Le jour où le poulet camerounais a eu des dents

Étude/Synthèse/Article
Langue(s) : Français
Thématiques : Elevage, Commerce international

Le magazine Altermondes revient sur l'interdiction d'importer au Cameroun des poulets congelés en provenance d’Europe. Une mobilisation inédite des consommateurs qui avaient refusé de succomber aux sirènes du plus bas prix avait abouti à cette décision en 2006. Aujourd'hui, la production avicole couvre 90 % de la demande nationale. (Photo : Manifestation contre les importations de poulets congelés au Cameroun © P. Chibani-Jacquot )

Au Cameroun, les fêtes de fin d’année marquent traditionnellement un pic de consommation de volaille. Les marchés sont bondés et le poulet DG ou en sauce se doit de garnir les tables des familles. En 2013, quatre millions de poulets ont été vendus dans le pays en quelques semaines, soit près de 10 % de la demande annuelle. Et en 2014 pour la deuxième année consécutive, les producteurs nationaux devraient être en capacité d’approvisionner le marché en quantité suffisante afin d’éviter une augmentation des prix générée par la pénurie. Jusque-là, le prix du poulet en période de fête était fixé par les autorités publiques en contrepartie de subventions aux avicultures.

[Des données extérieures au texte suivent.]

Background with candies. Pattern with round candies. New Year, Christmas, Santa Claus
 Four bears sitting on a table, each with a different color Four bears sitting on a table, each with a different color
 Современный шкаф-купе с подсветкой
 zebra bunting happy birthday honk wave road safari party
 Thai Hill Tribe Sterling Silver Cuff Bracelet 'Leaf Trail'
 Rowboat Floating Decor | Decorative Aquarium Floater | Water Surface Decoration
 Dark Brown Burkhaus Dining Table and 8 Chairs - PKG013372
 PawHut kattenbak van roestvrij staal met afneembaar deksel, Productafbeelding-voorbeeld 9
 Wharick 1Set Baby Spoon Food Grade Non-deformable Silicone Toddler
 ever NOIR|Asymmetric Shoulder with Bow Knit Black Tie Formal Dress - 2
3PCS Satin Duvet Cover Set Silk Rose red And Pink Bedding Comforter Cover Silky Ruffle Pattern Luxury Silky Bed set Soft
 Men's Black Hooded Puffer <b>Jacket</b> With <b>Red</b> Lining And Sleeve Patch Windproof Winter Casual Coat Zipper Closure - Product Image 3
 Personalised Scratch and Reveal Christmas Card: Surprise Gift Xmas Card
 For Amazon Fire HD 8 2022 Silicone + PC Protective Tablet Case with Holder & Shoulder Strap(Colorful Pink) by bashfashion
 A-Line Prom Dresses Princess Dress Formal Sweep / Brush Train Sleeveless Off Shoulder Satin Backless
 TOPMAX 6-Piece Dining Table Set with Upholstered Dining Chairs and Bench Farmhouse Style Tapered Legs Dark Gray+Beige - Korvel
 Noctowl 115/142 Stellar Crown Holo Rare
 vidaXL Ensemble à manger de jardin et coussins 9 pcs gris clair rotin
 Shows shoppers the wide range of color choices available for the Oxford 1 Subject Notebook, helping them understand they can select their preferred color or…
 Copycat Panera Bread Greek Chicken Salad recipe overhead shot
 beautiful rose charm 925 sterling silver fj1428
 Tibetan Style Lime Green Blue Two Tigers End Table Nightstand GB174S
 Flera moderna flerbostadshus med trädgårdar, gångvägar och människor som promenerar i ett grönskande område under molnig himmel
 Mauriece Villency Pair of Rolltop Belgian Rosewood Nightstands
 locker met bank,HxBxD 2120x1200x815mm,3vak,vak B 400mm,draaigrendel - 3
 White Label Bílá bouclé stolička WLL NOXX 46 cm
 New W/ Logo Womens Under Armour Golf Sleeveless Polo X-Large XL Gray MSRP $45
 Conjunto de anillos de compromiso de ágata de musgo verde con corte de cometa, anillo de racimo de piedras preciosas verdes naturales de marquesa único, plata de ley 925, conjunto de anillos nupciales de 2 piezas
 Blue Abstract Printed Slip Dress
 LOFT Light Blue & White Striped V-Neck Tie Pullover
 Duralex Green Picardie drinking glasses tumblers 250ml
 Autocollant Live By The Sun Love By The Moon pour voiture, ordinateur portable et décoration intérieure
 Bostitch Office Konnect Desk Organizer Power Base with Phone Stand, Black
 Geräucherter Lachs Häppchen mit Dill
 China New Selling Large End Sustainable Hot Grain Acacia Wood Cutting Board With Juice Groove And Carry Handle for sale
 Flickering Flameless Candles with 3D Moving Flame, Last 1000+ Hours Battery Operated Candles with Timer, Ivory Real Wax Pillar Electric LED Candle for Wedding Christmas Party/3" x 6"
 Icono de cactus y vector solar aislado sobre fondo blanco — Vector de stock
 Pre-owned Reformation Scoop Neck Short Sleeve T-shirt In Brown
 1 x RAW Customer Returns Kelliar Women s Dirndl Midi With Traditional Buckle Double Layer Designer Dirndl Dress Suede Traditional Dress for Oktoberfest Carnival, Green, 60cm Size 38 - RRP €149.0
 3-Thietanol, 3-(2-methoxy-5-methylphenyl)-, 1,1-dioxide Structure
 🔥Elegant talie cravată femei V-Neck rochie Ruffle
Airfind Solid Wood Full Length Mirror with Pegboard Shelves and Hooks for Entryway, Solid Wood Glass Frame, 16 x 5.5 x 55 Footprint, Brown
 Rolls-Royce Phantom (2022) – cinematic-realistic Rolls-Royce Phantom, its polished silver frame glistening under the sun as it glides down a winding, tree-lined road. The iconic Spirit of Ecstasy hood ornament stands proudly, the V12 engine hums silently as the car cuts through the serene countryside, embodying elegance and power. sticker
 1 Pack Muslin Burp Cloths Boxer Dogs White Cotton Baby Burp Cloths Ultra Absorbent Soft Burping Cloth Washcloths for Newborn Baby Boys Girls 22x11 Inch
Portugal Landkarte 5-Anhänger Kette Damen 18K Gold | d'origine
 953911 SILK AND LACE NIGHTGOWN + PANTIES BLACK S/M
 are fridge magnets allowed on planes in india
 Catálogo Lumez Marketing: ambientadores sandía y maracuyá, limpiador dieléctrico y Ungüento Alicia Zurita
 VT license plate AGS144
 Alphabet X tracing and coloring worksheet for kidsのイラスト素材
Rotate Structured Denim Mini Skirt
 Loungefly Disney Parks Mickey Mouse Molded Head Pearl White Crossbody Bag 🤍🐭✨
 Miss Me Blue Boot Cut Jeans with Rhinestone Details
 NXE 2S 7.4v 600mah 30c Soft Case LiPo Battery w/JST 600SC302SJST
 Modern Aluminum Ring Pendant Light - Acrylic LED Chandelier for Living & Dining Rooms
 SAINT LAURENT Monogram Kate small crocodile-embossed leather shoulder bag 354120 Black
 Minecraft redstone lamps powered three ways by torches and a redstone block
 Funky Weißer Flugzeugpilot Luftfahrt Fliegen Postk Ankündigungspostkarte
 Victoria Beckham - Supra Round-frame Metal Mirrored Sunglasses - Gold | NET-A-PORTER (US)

Une belle renaissance pour un secteur qui avait littéralement sombré au début des années 2000, la production ayant touché le fond en 2006, année de la grippe aviaire. L’épizootie faillit porter le coup de grâce à la filière, qui se délitait depuis qu’un accord avec l’Union européenne, passé en 1995, autorisait l’importation des découpes de poulet congelé en provenance de l’UE. Le poulet européen, bas de gamme et subventionné via la Politique agricole commune, provoquait un dumping sur les prix : il était vendu 900 Francs CFA le kilo sur les marchés, contre 1 900 Francs CFA pour le camerounais (soit 1,40 euro le kilo pour un poulet européen contre 2,90 euros le kilo pour une volaille camerounaise). En 2003, 22 000 tonnes de poulet européen entraient ainsi au Cameroun tandis que la production locale chutait à 13 500 tonnes. Elle était de 29 750 tonnes en 1997.

Face à cette catastrophe économique et sociale, se crée, en 2003, l’Association citoyenne pour la défense des intérêts collectifs (Acdic), qui va mener campagne aux côtés des aviculteurs. Son objectif : défendre la souveraineté alimentaire et convaincre la population et les autorités que l’interdiction de ces importations sera un bienfait pour l’économie du pays et pour les consommateurs. Dès 2004, cette mobilisation est soutenue par des ONG européennes. En France, Agir ici (devenue depuis Oxfam France), le CCFD-Terre Solidaire, le CFSI et le Gret lancent la campagne Exportations de poulets : L’Europe plume l’Afrique.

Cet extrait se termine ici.